------ Given entries ------
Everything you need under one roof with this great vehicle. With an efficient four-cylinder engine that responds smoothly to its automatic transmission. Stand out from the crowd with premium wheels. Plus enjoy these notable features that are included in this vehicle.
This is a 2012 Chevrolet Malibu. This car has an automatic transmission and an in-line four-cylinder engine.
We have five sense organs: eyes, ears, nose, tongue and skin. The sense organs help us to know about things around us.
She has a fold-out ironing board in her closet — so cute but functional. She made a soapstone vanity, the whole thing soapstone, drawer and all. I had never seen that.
------
------ Given entries ------
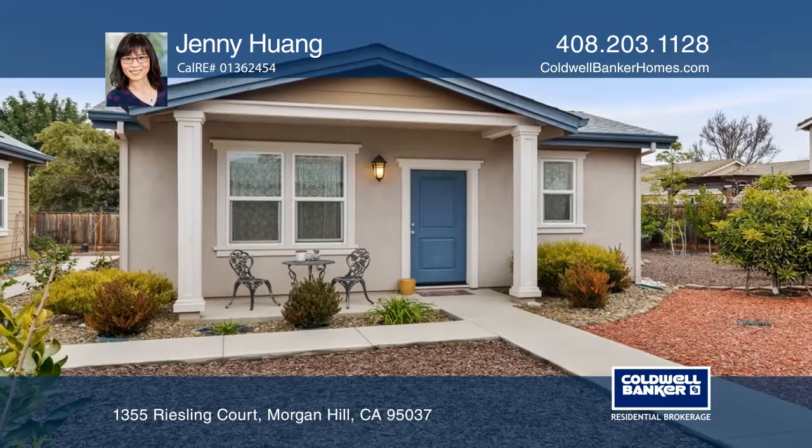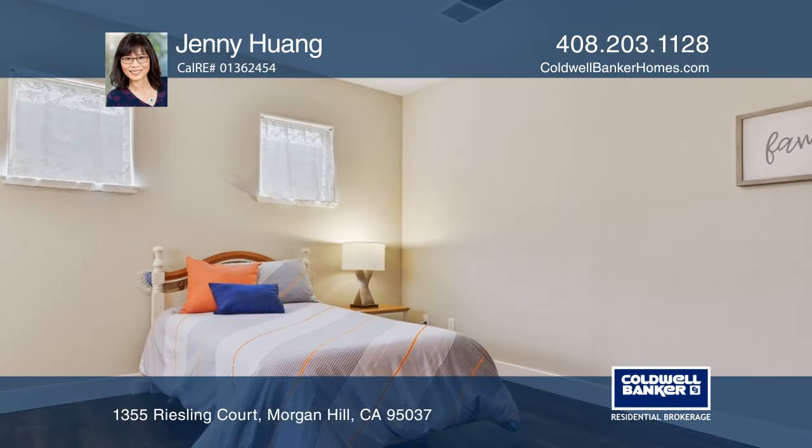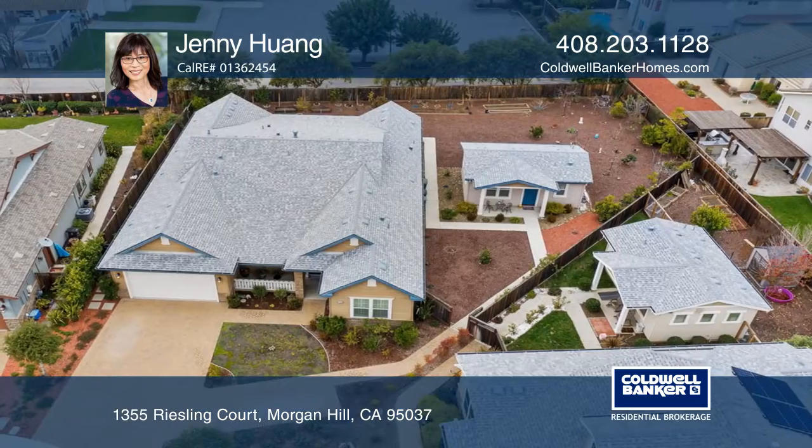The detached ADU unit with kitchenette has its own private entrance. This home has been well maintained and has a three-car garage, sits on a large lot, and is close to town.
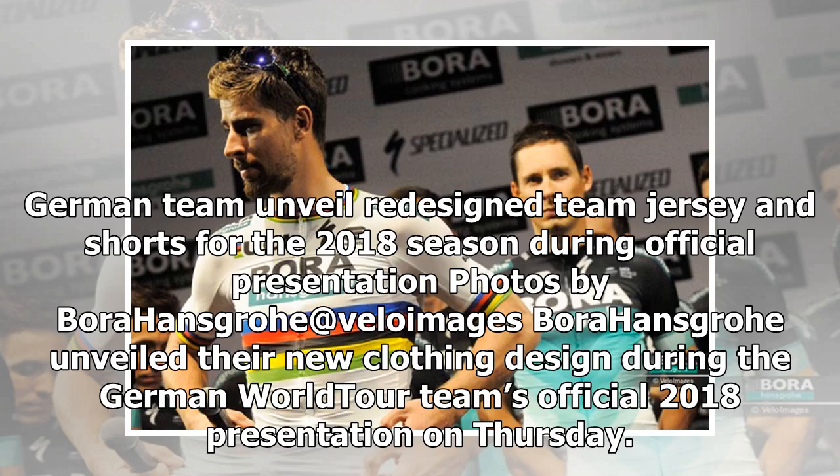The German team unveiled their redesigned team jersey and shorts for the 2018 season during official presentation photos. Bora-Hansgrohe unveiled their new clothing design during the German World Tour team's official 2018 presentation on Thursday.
------
- **What you will do**
Begin with the line above that has "Everything you need" and continue through the line that has "She has a fold-out", setting each one down exactly. Stop there.

- **Output of the exercise**
Everything you need under one roof with this great vehicle. With an efficient four-cylinder engine that responds smoothly to its automatic transmission. Stand out from the crowd with premium wheels. Plus enjoy these notable features that are included in this vehicle.
This is a 2012 Chevrolet Malibu. This car has an automatic transmission and an in-line four-cylinder engine.
We have five sense organs: eyes, ears, nose, tongue and skin. The sense organs help us to know about things around us.
She has a fold-out ironing board in her closet — so cute but functional. She made a soapstone vanity, the whole thing soapstone, drawer and all. I had never seen that.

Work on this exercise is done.